I hate to go on about my disdain for the use of standard deviation on ΔE values, but I have one more, slightly related thing to get off my chest. Even if this value were reliable, its use can be misleading. SPC is all about using "three sigma" to set control limits. That works for normally distributed data, but as we saw in the previous blog post, ΔE does not follow a normal disturb-ution

Three rules for SPC of color difference data

1. The standard deviation of ΔE is an unreliable measure of the distribution.
2. Ignore the lower control limit when doing SPC on ΔE color difference data. 
3. Friends don't let friends compute the standard deviation of ΔE.
4. Modify the CpK computation so that it only considers the upper control limit. 
5. Computation of the standard deviation of ΔE? Come on. Just say no.
6. Always proofread for number mismatches.

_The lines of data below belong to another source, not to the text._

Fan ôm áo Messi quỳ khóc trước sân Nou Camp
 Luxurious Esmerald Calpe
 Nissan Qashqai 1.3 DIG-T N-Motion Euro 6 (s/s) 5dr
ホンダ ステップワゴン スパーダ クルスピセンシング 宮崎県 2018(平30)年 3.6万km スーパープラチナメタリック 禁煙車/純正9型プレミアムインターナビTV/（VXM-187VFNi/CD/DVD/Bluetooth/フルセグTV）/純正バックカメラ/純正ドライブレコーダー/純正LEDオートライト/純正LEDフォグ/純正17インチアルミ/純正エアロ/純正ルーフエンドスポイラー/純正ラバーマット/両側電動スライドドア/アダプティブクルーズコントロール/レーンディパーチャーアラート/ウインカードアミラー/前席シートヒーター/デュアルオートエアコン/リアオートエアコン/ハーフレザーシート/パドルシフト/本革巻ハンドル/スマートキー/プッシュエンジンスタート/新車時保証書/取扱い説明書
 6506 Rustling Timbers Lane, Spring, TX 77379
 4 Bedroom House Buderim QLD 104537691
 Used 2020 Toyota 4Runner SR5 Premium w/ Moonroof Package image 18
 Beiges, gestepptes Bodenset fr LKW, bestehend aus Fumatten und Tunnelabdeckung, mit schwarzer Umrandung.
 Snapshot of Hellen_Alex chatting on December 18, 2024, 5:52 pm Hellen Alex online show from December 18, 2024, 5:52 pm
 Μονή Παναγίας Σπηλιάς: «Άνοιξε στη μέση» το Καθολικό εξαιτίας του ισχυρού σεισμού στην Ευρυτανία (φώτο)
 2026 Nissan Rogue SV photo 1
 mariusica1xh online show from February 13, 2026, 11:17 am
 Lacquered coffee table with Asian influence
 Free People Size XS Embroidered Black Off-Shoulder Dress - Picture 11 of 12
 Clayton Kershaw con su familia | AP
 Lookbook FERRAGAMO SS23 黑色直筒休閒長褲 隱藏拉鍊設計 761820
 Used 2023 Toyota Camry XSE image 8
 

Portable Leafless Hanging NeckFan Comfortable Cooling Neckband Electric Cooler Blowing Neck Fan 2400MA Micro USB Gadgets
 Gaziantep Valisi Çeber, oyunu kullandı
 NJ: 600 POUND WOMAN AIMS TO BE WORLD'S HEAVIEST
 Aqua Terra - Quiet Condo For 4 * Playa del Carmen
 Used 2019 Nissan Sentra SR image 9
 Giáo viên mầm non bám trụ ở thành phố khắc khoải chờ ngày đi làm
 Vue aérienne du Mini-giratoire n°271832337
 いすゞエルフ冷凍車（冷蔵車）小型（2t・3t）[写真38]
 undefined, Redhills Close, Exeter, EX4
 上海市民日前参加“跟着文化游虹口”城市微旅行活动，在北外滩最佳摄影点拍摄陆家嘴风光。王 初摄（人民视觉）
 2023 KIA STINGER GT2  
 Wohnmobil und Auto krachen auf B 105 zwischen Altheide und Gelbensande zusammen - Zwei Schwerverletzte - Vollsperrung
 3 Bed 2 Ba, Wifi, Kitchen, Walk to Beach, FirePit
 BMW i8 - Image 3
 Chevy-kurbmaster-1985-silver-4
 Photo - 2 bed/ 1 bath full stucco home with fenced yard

Foreshadowing the next blog post

The saga continues... 

The last blog post was all about color difference data not following a normal distribution. I completely ignored (almost) any of that discussion in this blog post. I could have made all kinds of comments about how, since color difference data is not normally distributed, the traditional computation of upper control limit is no longer applicable, and similarly, the whole CpK thing must be rethought. 

I ignored the discussion of normality, since the issues I point out today are fundamental, and not directly related to the statistical distribution. 

In the next blog post, I want to address the question, "if the data is not normally distributed, then what is the distribution?" At least that's what I want to write about. Who knows what I actually will write about. I am certainly not smart enough to predict my actions!


This blog post was updated on Nov 7, 2016, thanks to Dave Wyble's comments about two bonehead mistakes I made in the original version. First (I can't believe I actually did this) I used the term "reproducibility" instead of "repeatability". I should have known better. I apologize to all who were hurt, psychologically or otherwise, by my blatant misuse of the English language.

Second, I misquoted the definition of repeatabilty that is given in the standards. And I shoulda known better. I just got it confused with the silly definition used by one of the spectro manufacturers.